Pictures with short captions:
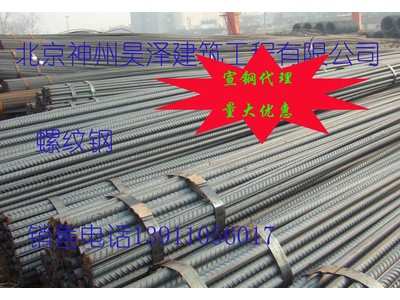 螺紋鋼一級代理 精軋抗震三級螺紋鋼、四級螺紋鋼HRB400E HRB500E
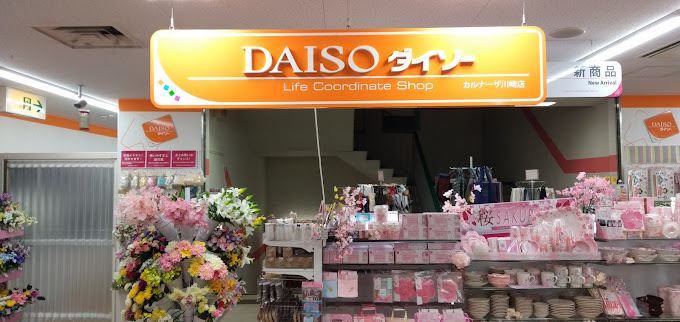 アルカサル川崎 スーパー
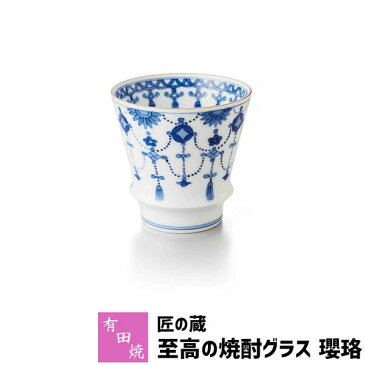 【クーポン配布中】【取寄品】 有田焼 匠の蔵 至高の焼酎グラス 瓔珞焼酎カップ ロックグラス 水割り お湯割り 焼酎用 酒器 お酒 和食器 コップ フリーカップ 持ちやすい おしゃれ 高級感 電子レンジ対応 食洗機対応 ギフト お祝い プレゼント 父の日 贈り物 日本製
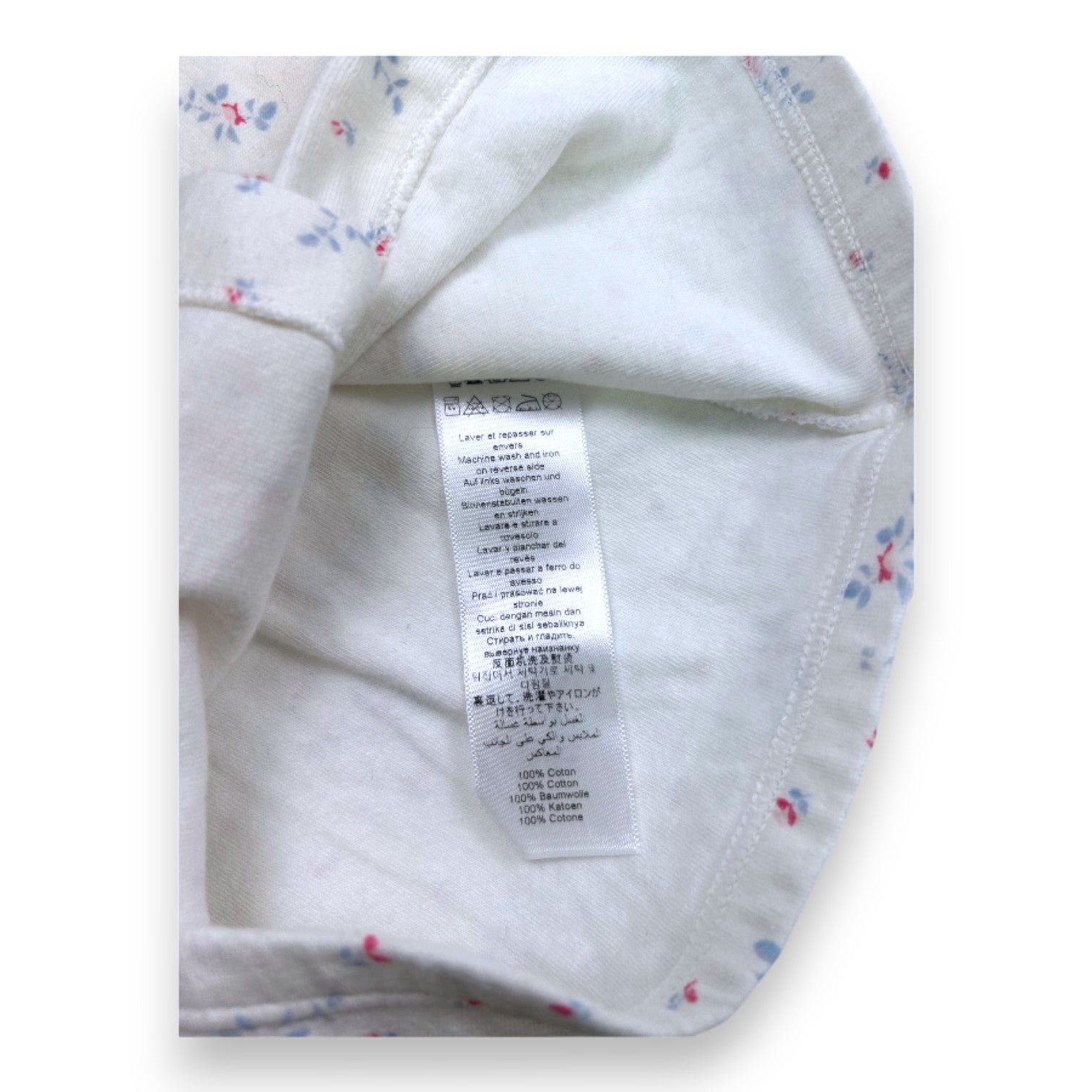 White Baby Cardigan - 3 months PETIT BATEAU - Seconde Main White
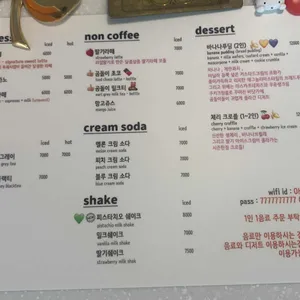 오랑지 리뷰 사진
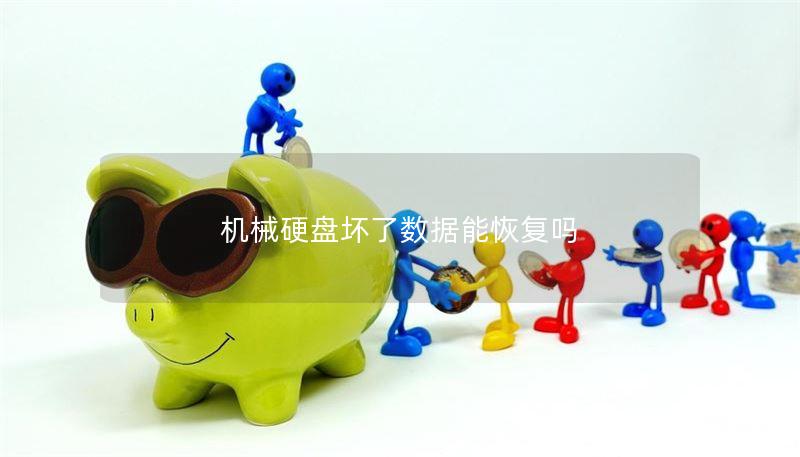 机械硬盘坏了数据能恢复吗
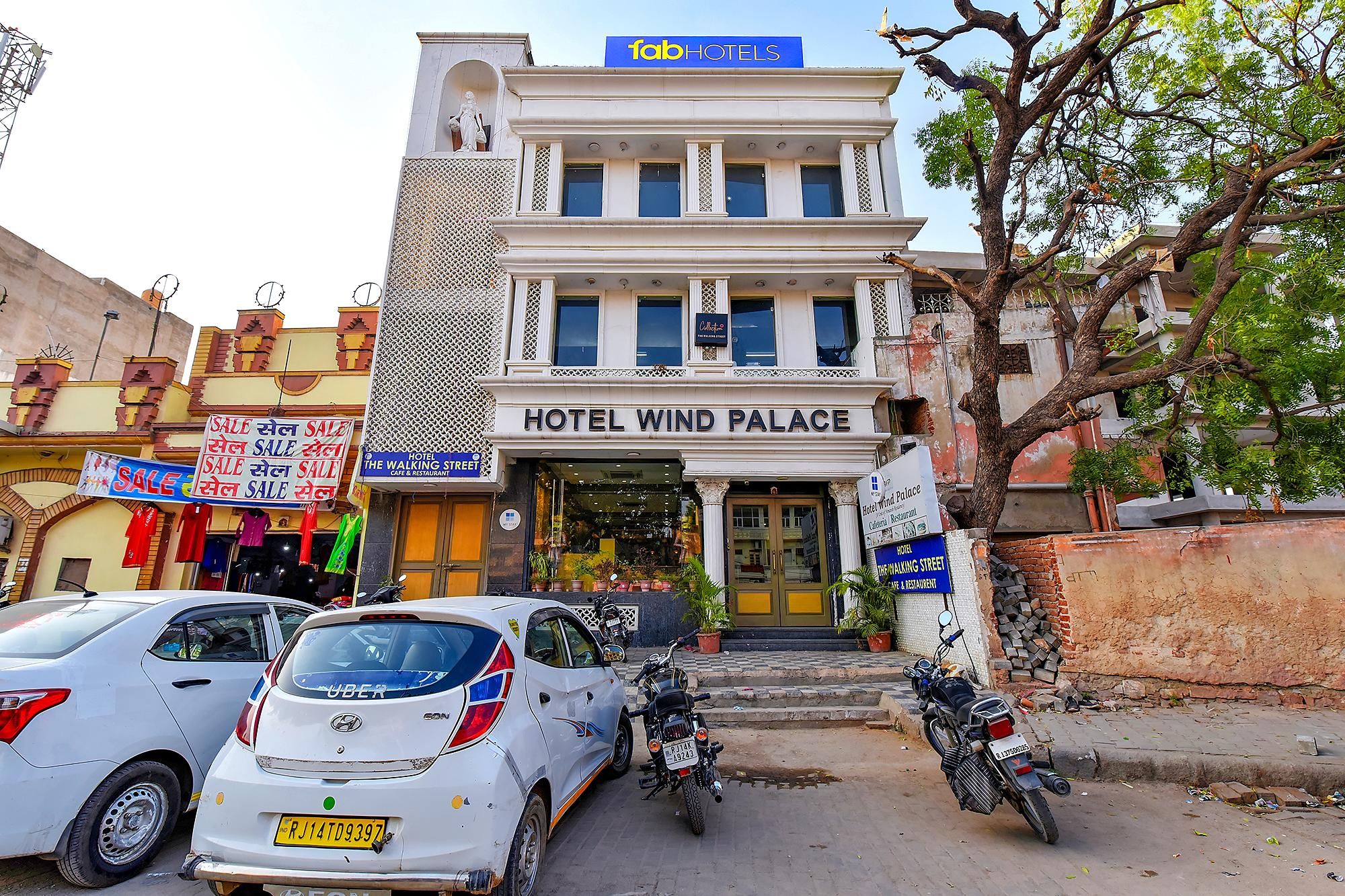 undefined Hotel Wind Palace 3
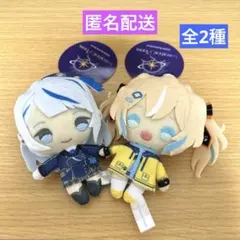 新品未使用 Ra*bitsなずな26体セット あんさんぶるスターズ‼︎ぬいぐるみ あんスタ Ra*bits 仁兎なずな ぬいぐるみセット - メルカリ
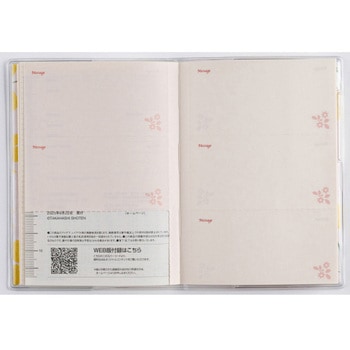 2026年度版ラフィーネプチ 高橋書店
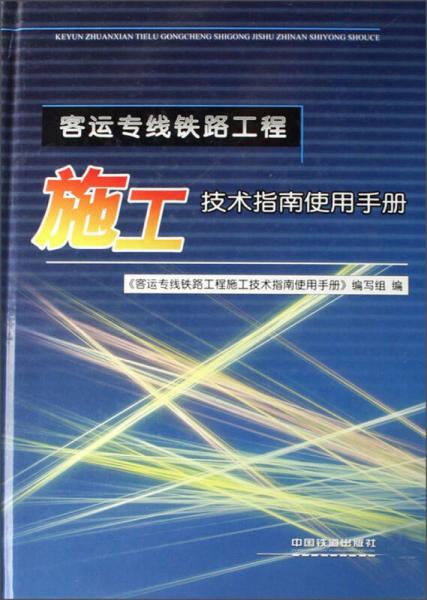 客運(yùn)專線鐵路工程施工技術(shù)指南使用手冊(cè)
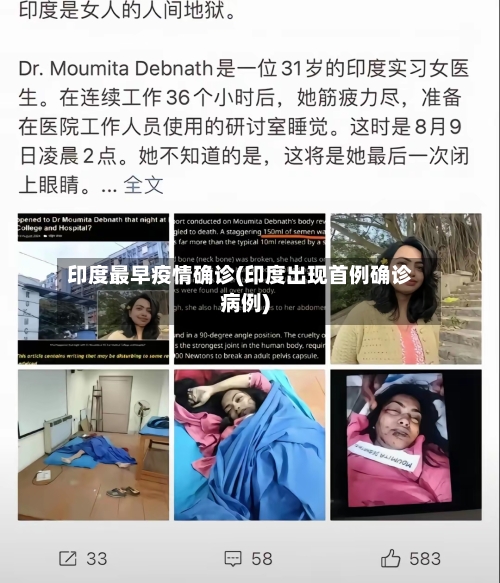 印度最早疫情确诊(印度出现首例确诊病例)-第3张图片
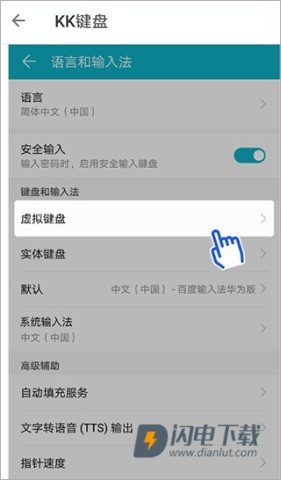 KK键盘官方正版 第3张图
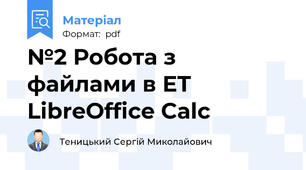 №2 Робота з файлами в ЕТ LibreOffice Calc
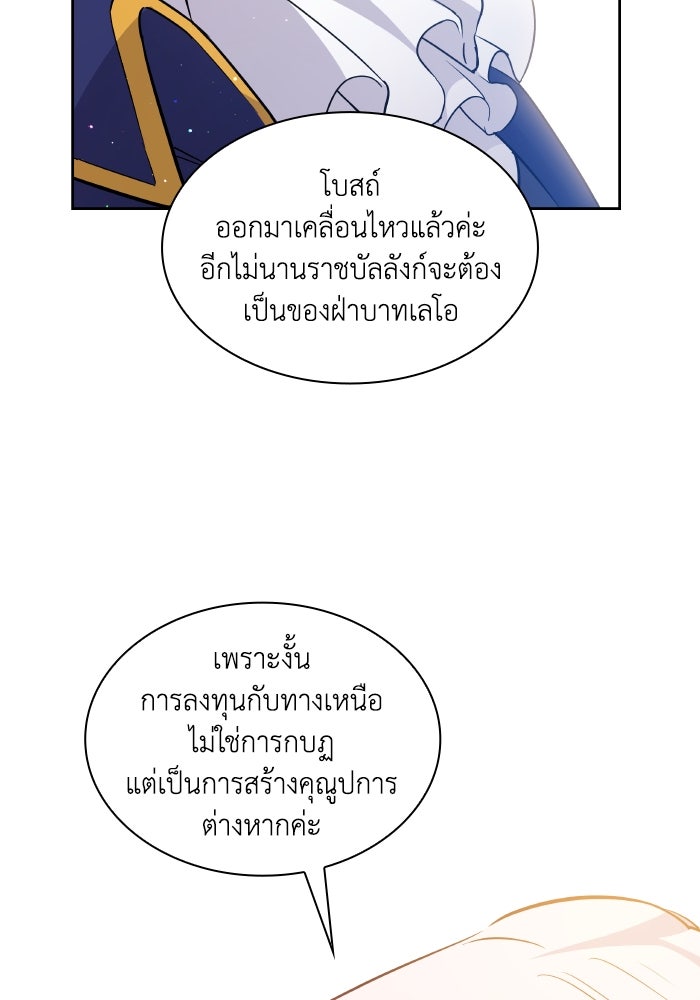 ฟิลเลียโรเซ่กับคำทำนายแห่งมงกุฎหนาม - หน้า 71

▸ Exercise prompt: Reproduce the lines above letter for letter. The pictures stay behind.

▸ Solution:
 螺紋鋼一級代理 精軋抗震三級螺紋鋼、四級螺紋鋼HRB400E HRB500E
 アルカサル川崎 スーパー
 【クーポン配布中】【取寄品】 有田焼 匠の蔵 至高の焼酎グラス 瓔珞焼酎カップ ロックグラス 水割り お湯割り 焼酎用 酒器 お酒 和食器 コップ フリーカップ 持ちやすい おしゃれ 高級感 電子レンジ対応 食洗機対応 ギフト お祝い プレゼント 父の日 贈り物 日本製
 White Baby Cardigan - 3 months PETIT BATEAU - Seconde Main White
 오랑지 리뷰 사진
 机械硬盘坏了数据能恢复吗
 undefined Hotel Wind Palace 3
 新品未使用 Ra*bitsなずな26体セット あんさんぶるスターズ‼︎ぬいぐるみ あんスタ Ra*bits 仁兎なずな ぬいぐるみセット - メルカリ
 2026年度版ラフィーネプチ 高橋書店
 客運(yùn)專線鐵路工程施工技術(shù)指南使用手冊(cè)
 印度最早疫情确诊(印度出现首例确诊病例)-第3张图片
 KK键盘官方正版 第3张图
 №2 Робота з файлами в ЕТ LibreOffice Calc
 ฟิลเลียโรเซ่กับคำทำนายแห่งมงกุฎหนาม - หน้า 71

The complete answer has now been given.